--- Material supplied Enclosed Below ---

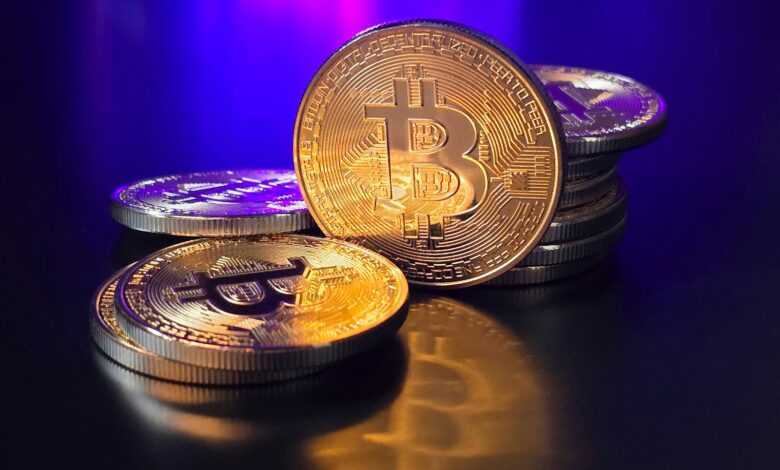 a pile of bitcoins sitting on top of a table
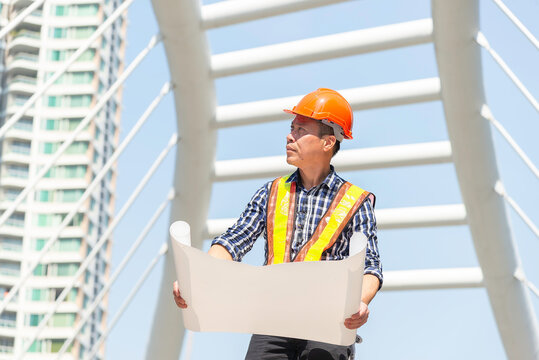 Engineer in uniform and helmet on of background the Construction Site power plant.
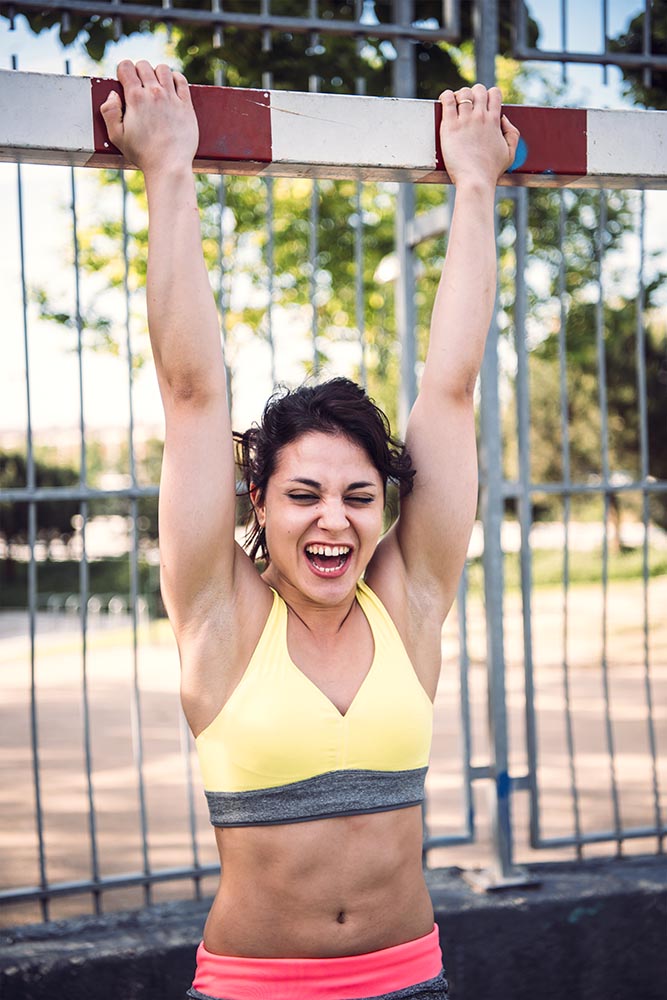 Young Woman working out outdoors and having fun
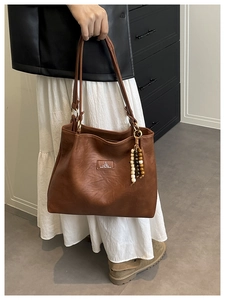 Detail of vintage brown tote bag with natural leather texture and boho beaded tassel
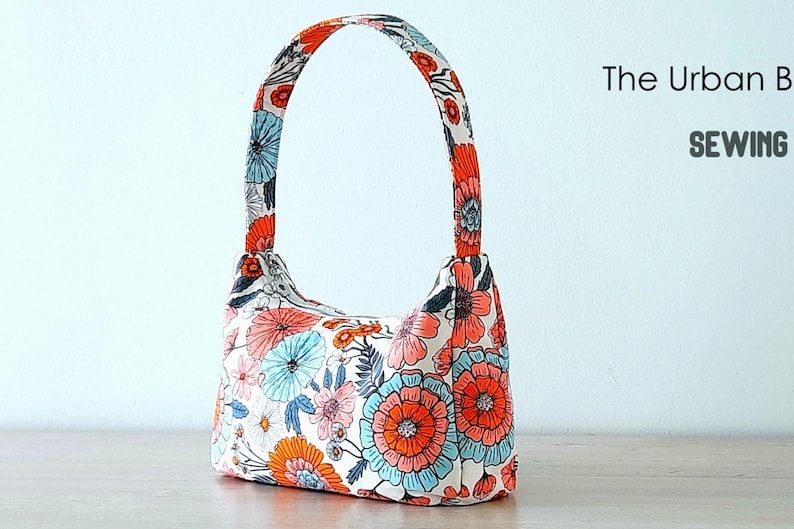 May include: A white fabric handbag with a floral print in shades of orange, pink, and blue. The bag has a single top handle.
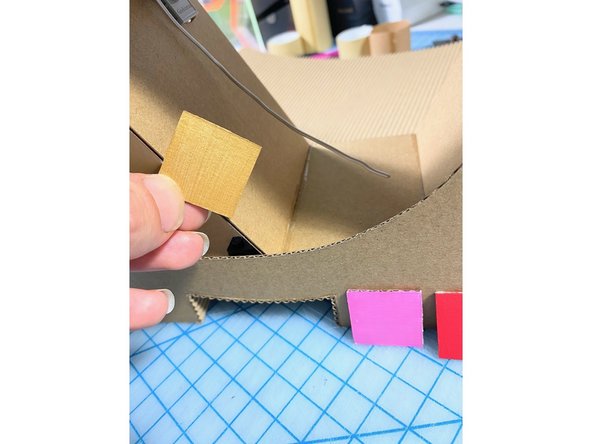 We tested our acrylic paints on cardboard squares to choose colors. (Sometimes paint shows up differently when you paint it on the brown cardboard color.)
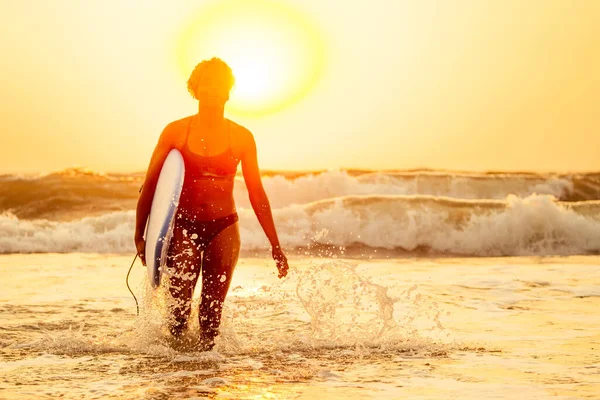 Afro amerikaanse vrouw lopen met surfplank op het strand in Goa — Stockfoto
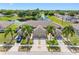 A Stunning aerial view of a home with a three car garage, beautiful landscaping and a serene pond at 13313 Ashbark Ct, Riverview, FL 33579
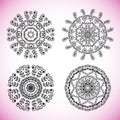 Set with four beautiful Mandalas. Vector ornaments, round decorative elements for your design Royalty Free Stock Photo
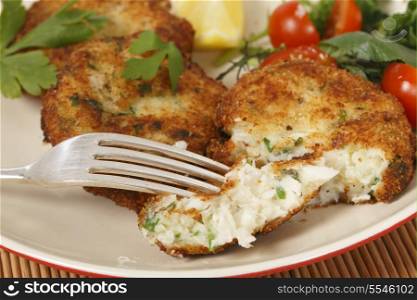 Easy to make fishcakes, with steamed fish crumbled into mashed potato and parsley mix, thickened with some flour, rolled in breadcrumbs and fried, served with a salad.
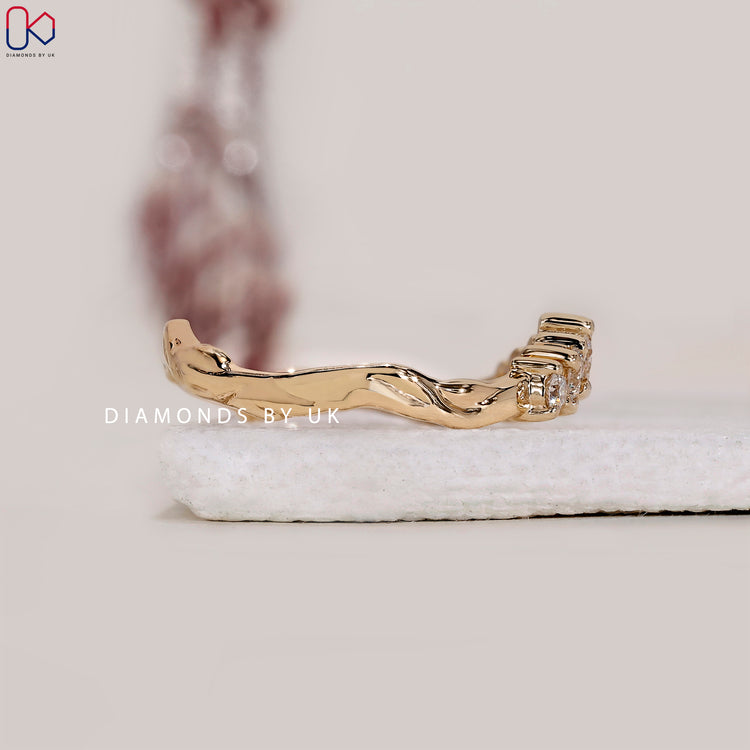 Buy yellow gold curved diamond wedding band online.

--- End of Enclosed Material supplied ---

_Task details:_
Reproduce the listing above from the line that holds "Detail of vintage" through the line that holds "We tested our", both included, with the pictures left out.

_Written reply:_
 Detail of vintage brown tote bag with natural leather texture and boho beaded tassel
 May include: A white fabric handbag with a floral print in shades of orange, pink, and blue. The bag has a single top handle.
 We tested our acrylic paints on cardboard squares to choose colors. (Sometimes paint shows up differently when you paint it on the brown cardboard color.)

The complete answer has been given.